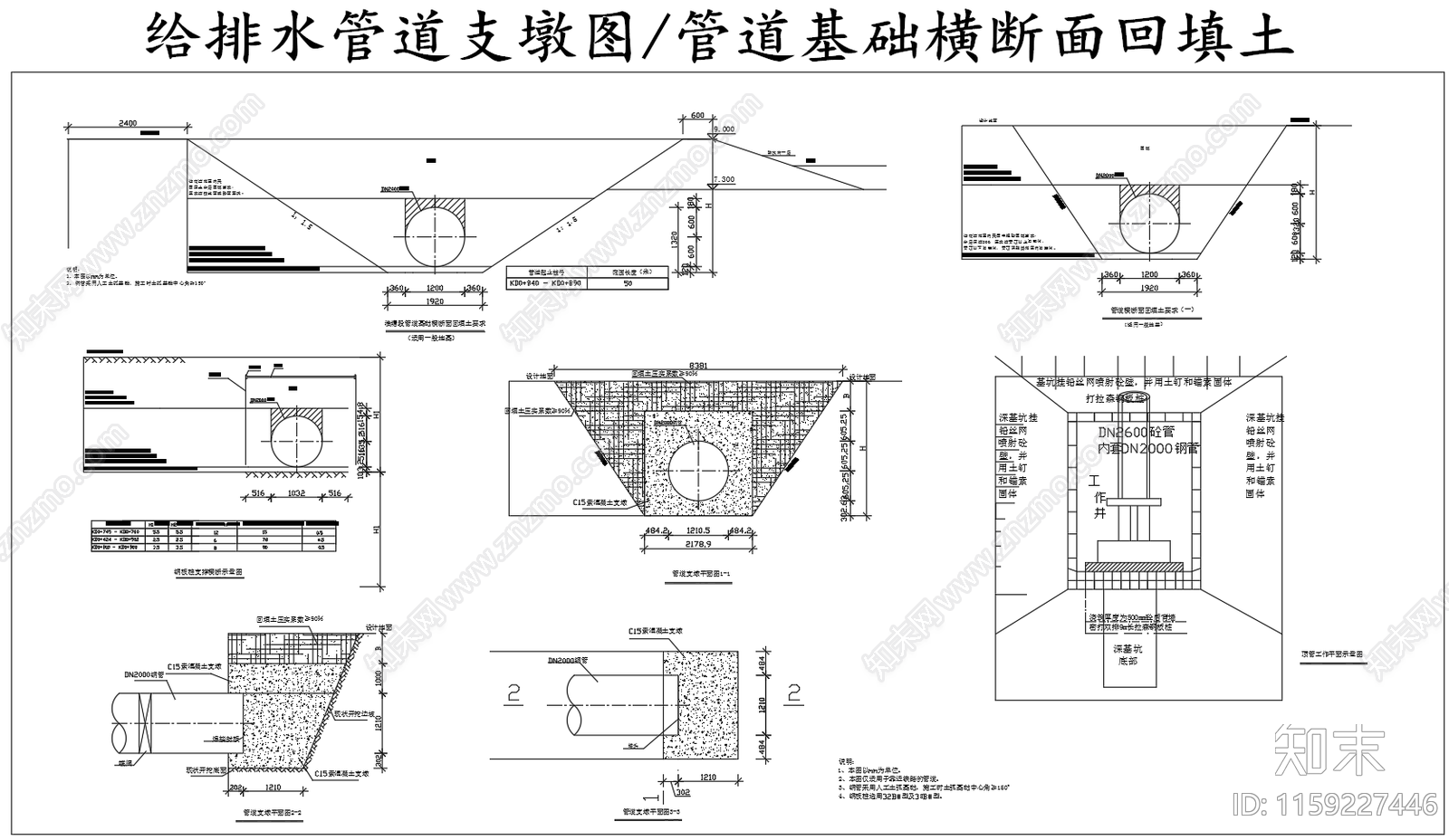 给排水管道支墩图回填土断面图施工图下载【ID:1159227446】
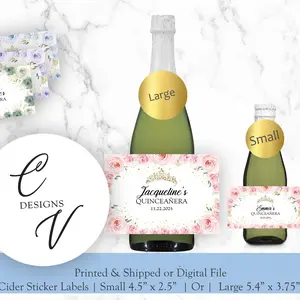 Cider Labels, Apple Cider Labels, Quinceanera Cider Labels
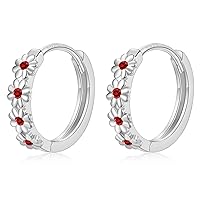 Small Hoop Earrings for Women Girls |925 Sterling Silver Post 10mm Flower Cluster Huggie Hoop Earrings, Hypoallergenic Cartilage Piercing Hoops Jewelry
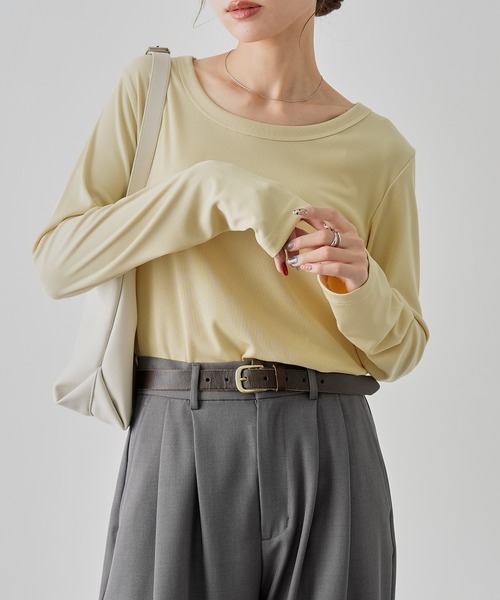 NOGLE（ノグル）の「【NOGLE/ノグル】カラーリブカットソー（Tシャツ/カットソー・レディース・ブルー/イエロー/ブラック/アイボリー/ピンク・FREE）」の4枚目の写真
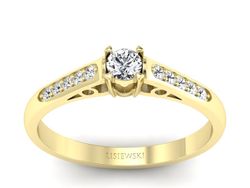 Pierścionek zaręczynowy z diamentami złoto 585 - p16958z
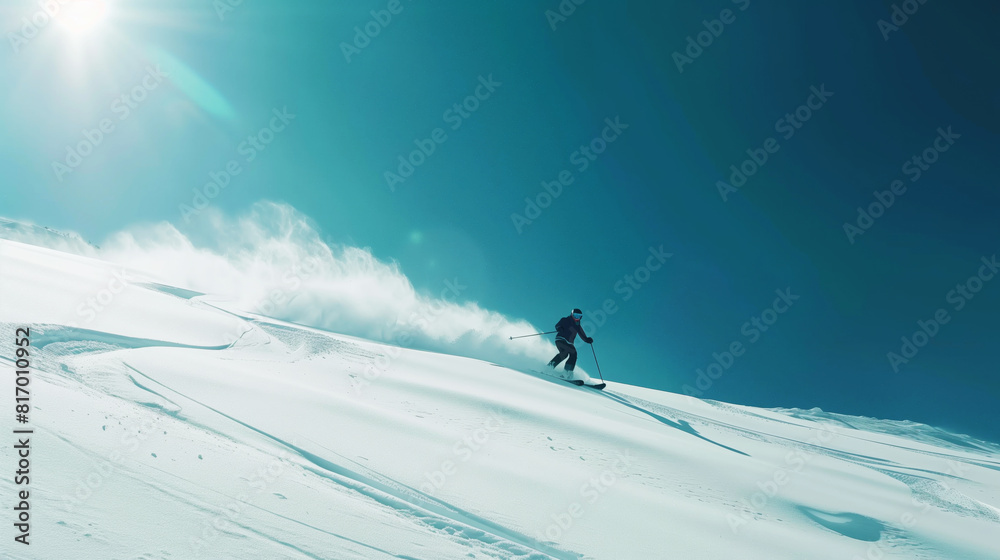 A skier descends a pristine, snowy slope on a clear, sunny day, leaving trails in the powdery snow. The bright sun and the cloudless sky enhance the scene's tranquility.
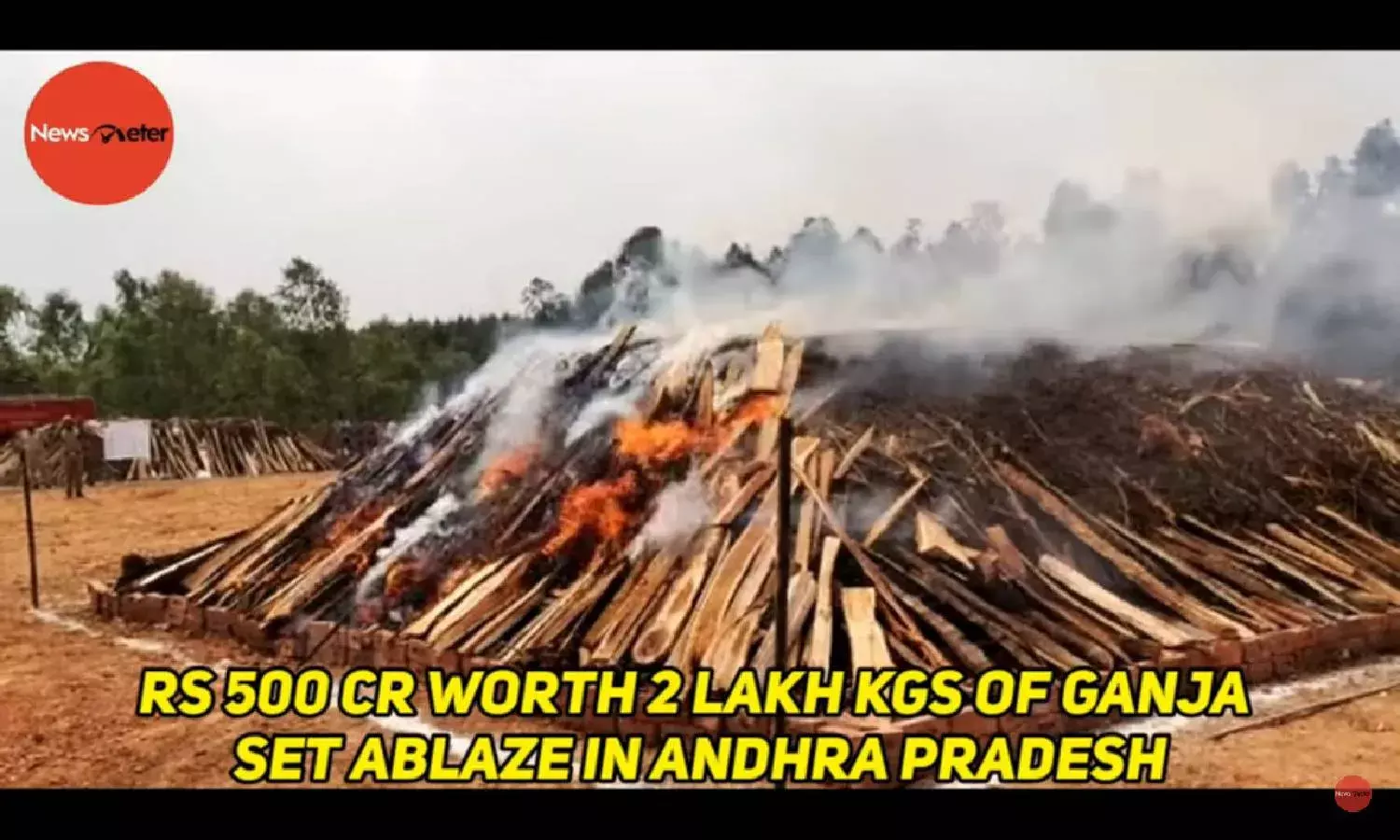 Rs 300 Cr worth 2 lakh kgs of Ganja set ablaze in Andhra Pradesh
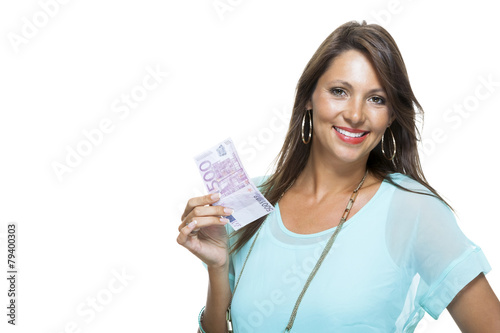 Obraz na plátně Smiling Attractive Woman Holding 500 Euro Bill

§ **WORK REQUEST**
Each line of the material above should be set down exactly, with no pictures.

§ **SOLVED PROBLEM**
 给排水管道支墩图回填土断面图施工图下载【ID:1159227446】
 Cider Labels, Apple Cider Labels, Quinceanera Cider Labels
 Small Hoop Earrings for Women Girls |925 Sterling Silver Post 10mm Flower Cluster Huggie Hoop Earrings, Hypoallergenic Cartilage Piercing Hoops Jewelry
 NOGLE（ノグル）の「【NOGLE/ノグル】カラーリブカットソー（Tシャツ/カットソー・レディース・ブルー/イエロー/ブラック/アイボリー/ピンク・FREE）」の4枚目の写真
 Pierścionek zaręczynowy z diamentami złoto 585 - p16958z
 A skier descends a pristine, snowy slope on a clear, sunny day, leaving trails in the powdery snow. The bright sun and the cloudless sky enhance the scene's tranquility.
 Rs 300 Cr worth 2 lakh kgs of Ganja set ablaze in Andhra Pradesh
 Obraz na plátně Smiling Attractive Woman Holding 500 Euro Bill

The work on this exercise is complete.